- WHAT YOU WILL DO
Copy exactly and only the lines running from the one that contains "Type O to Offset, Enter, type 1, Enter, select" to the final line of the data below, without the pictures.

- DATA BELOW
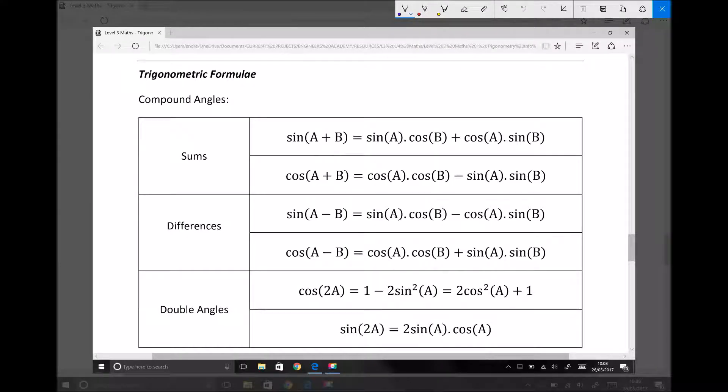In this video tutorial, I'm going to be introducing the trigonometric formulae, and more specifically, we're going to be looking at compound angle formulas.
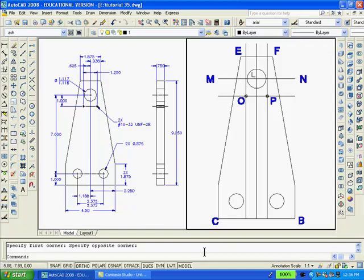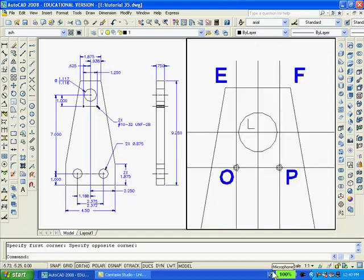Type O to Offset, Enter, type 1, Enter, select line MN and pick a point below it. Type O to Offset, Enter, type 0.625, Enter, select the center line and pick a point to the left and then to the right. Type C for Circle, Enter, snap to the intersection at O, type D for Diameter, then type 0.188, Enter. Repeat for a second circle at O with diameter 0.188, then a third circle at O with diameter 0.14, Enter. The two circles at point O are now concentric.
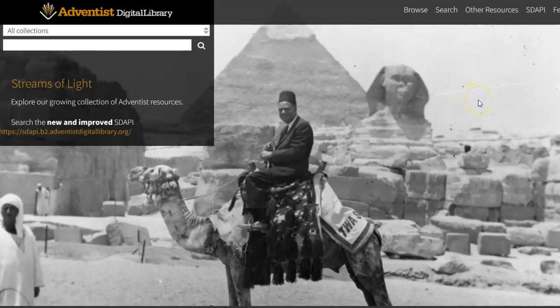Hi, this is Katherine here, your digital librarian. In this tutorial, I'm going to show you how to browse to a specific periodical title and issue within the Adventist Digital Library. You may do this because you have a citation that you've read somewhere else that you need to track down, or you may just be interested in reading everything from a particular title in a particular year.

- ANSWER TO THE EXERCISE
Type O to Offset, Enter, type 1, Enter, select line MN and pick a point below it. Type O to Offset, Enter, type 0.625, Enter, select the center line and pick a point to the left and then to the right. Type C for Circle, Enter, snap to the intersection at O, type D for Diameter, then type 0.188, Enter. Repeat for a second circle at O with diameter 0.188, then a third circle at O with diameter 0.14, Enter. The two circles at point O are now concentric.
Hi, this is Katherine here, your digital librarian. In this tutorial, I'm going to show you how to browse to a specific periodical title and issue within the Adventist Digital Library. You may do this because you have a citation that you've read somewhere else that you need to track down, or you may just be interested in reading everything from a particular title in a particular year.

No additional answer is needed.